* **THE TASK**
Pictures stay out of the copy. Transcribe exactly the lines from the line with "Leucanthemum 'Dreams'" through the final line of the records.

* **EXCERPTED RECORDS**
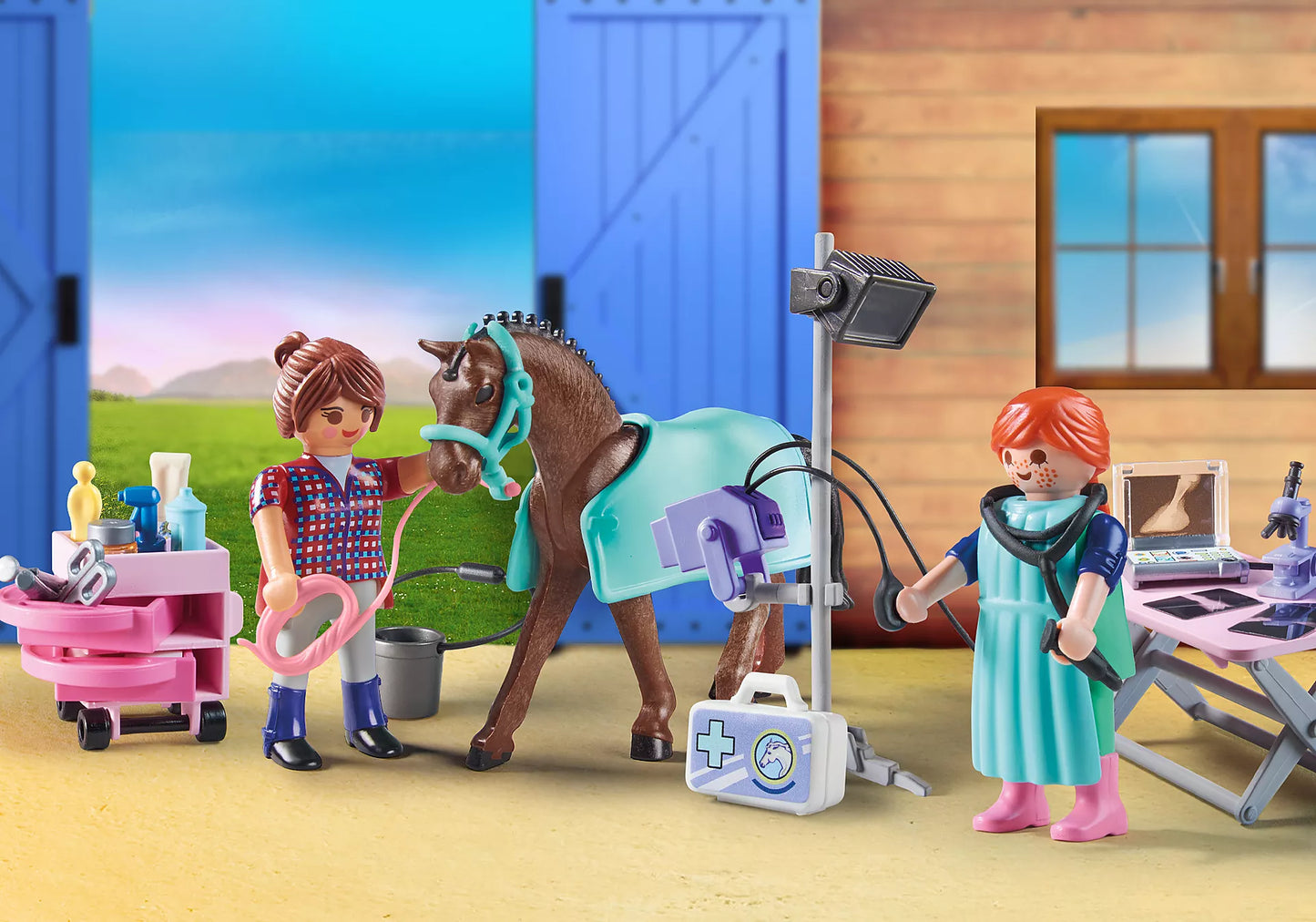 County Horse Veterinarian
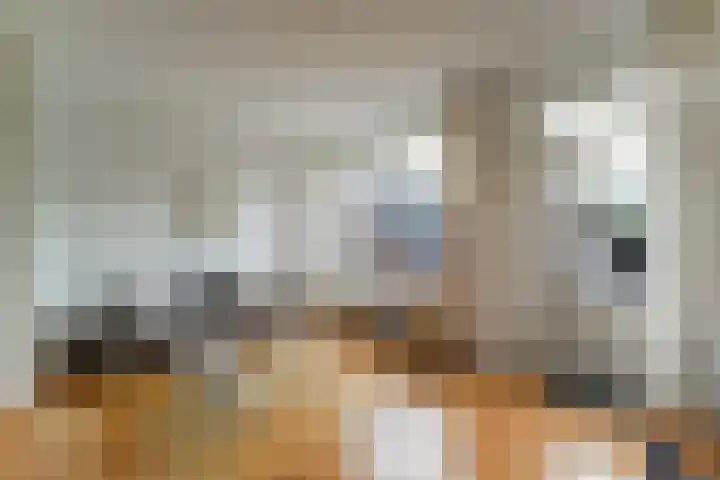 Wieken 62 Avenhorn thumbnail 14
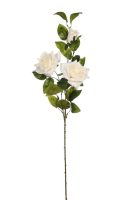 5c9bd5c0d0bde77302172febe12fe7b6-car-vid2709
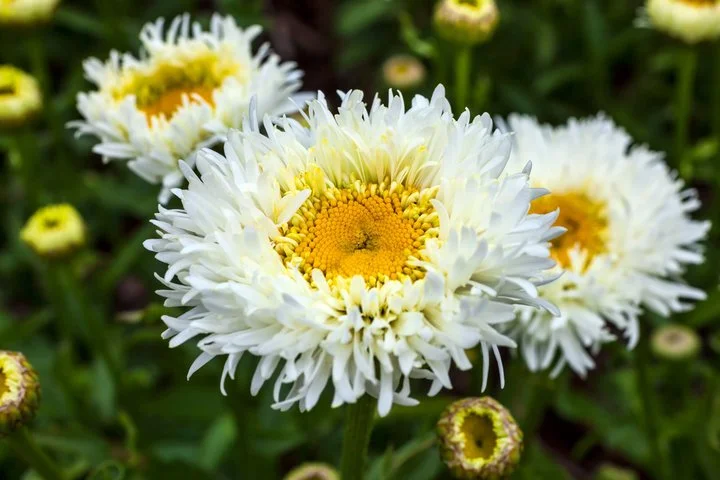 Leucanthemum 'Dreams'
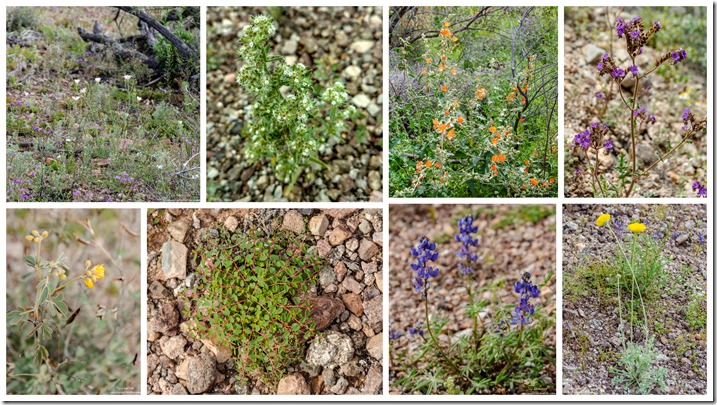 Wildflowers Sonoran Desert BLM Darby Well Road Ajo Arizona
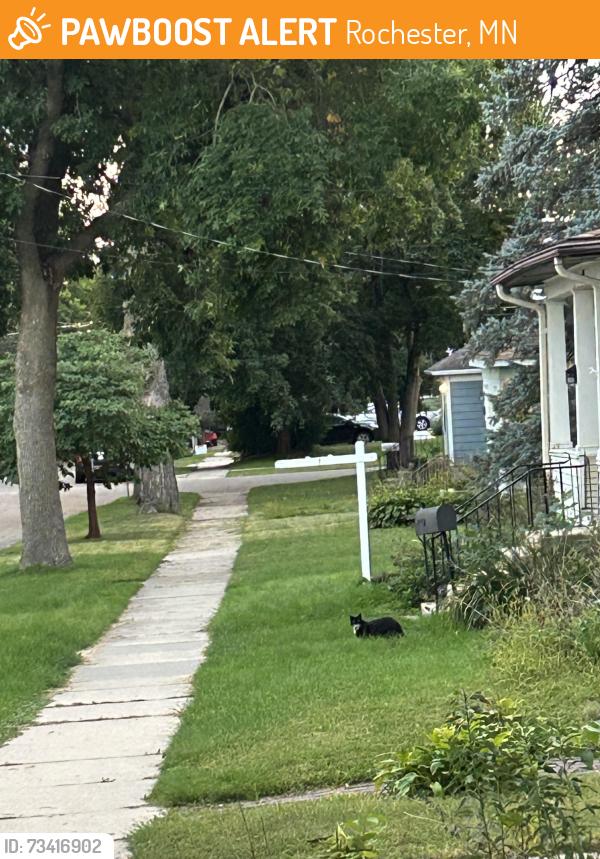 Found/Stray Unknown Cat last seen Twings Tavern and Grille, Rochester, MN 55902
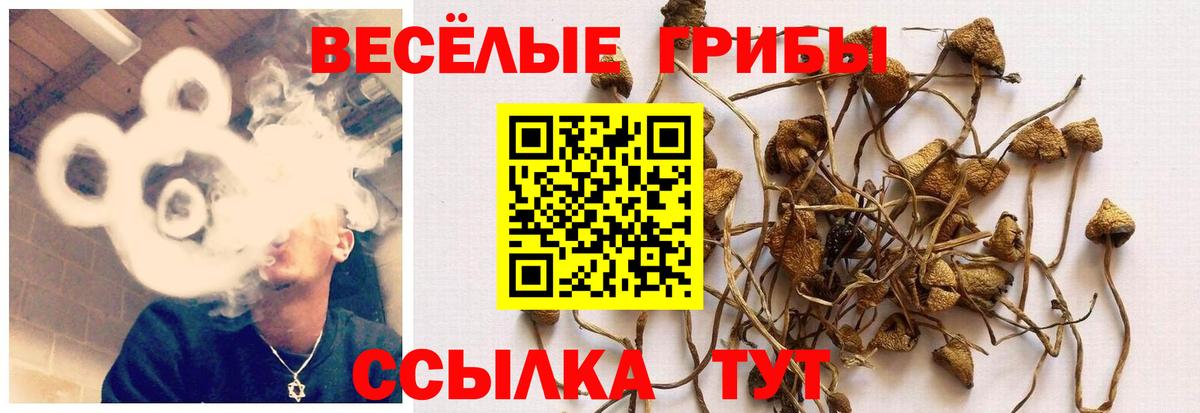 Донецк  Галлюциногенные грибы Psilocybe  Вход с VPN  Галлюциногенные грибы Magic Shrooms 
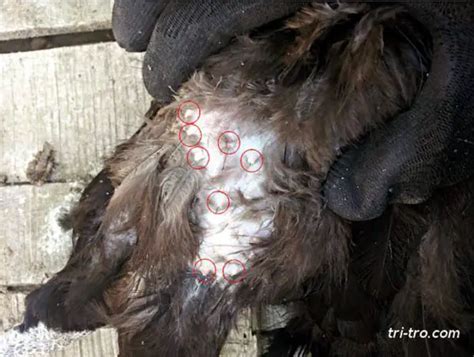 Gallina Castellana Negra Sarna Desplumante Y Sarna De Las Patas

* **TASK OUTPUT**
 Leucanthemum 'Dreams'
 Wildflowers Sonoran Desert BLM Darby Well Road Ajo Arizona
 Found/Stray Unknown Cat last seen Twings Tavern and Grille, Rochester, MN 55902
 Донецк  Галлюциногенные грибы Psilocybe  Вход с VPN  Галлюциногенные грибы Magic Shrooms 
 Gallina Castellana Negra Sarna Desplumante Y Sarna De Las Patas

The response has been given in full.